Work task: For this exercise, return exactly the lines of the material below that begin at the one with "Inviting living room" and stop after the one with "Hand adjusting an electric oven control".

Input:
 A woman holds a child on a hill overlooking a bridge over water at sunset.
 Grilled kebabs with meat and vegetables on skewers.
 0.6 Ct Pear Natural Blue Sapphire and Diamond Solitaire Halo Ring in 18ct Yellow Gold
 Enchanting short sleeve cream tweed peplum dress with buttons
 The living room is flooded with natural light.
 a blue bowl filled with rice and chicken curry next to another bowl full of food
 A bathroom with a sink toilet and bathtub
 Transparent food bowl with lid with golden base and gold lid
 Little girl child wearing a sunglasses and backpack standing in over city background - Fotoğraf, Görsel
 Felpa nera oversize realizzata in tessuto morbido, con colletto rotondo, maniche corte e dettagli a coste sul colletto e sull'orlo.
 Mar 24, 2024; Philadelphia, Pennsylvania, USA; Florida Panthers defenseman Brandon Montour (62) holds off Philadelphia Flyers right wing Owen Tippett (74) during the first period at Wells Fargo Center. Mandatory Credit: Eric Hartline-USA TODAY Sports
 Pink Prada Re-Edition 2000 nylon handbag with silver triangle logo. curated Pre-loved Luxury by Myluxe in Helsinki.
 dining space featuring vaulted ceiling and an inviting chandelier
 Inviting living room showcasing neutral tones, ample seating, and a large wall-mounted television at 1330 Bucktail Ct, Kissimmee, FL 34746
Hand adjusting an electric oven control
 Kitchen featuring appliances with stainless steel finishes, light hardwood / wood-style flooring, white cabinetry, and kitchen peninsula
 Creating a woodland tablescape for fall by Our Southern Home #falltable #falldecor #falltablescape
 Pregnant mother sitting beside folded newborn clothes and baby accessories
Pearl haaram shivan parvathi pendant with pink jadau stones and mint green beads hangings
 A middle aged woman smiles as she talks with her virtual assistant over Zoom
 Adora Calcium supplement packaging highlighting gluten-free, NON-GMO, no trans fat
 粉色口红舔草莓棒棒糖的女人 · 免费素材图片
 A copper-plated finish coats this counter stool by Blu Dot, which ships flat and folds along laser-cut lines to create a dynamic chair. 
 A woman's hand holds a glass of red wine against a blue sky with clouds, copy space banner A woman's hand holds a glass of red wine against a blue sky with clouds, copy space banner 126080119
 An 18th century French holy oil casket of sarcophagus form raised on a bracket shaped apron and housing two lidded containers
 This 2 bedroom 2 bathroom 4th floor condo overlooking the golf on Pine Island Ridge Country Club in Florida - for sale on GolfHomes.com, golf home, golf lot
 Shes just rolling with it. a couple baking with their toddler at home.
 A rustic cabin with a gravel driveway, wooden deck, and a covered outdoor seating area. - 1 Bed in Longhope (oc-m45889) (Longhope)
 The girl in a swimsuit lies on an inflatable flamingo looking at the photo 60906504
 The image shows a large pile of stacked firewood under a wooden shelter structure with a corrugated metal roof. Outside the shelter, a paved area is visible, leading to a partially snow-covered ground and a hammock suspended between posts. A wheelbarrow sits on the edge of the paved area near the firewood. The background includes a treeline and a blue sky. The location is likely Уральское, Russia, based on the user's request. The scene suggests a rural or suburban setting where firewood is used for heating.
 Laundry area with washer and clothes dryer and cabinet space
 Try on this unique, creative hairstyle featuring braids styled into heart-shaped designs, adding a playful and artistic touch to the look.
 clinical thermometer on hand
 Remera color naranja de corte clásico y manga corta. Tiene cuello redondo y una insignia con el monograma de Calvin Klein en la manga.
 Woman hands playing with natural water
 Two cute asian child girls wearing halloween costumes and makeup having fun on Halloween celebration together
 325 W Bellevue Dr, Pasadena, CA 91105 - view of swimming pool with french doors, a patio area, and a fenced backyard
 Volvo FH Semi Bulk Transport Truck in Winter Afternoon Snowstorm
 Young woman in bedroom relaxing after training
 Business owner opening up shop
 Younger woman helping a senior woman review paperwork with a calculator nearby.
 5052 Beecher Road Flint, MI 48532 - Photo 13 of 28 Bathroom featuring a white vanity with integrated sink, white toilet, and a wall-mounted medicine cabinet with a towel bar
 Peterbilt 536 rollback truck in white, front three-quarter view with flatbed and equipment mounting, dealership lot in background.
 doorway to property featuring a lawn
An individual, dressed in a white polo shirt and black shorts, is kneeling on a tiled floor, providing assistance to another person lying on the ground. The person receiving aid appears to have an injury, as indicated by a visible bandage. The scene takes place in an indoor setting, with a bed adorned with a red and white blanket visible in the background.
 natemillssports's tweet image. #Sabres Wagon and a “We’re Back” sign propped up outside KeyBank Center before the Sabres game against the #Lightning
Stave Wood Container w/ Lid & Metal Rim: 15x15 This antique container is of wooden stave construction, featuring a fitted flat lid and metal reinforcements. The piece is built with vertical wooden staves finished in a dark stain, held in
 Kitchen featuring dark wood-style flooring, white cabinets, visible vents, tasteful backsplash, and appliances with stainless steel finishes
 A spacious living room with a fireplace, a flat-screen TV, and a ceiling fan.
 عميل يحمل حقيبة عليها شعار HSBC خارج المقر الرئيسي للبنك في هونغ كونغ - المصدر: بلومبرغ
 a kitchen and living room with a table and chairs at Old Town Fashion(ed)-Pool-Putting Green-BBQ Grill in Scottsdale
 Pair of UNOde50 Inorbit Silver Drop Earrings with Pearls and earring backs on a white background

Written solution:
 Inviting living room showcasing neutral tones, ample seating, and a large wall-mounted television at 1330 Bucktail Ct, Kissimmee, FL 34746
Hand adjusting an electric oven control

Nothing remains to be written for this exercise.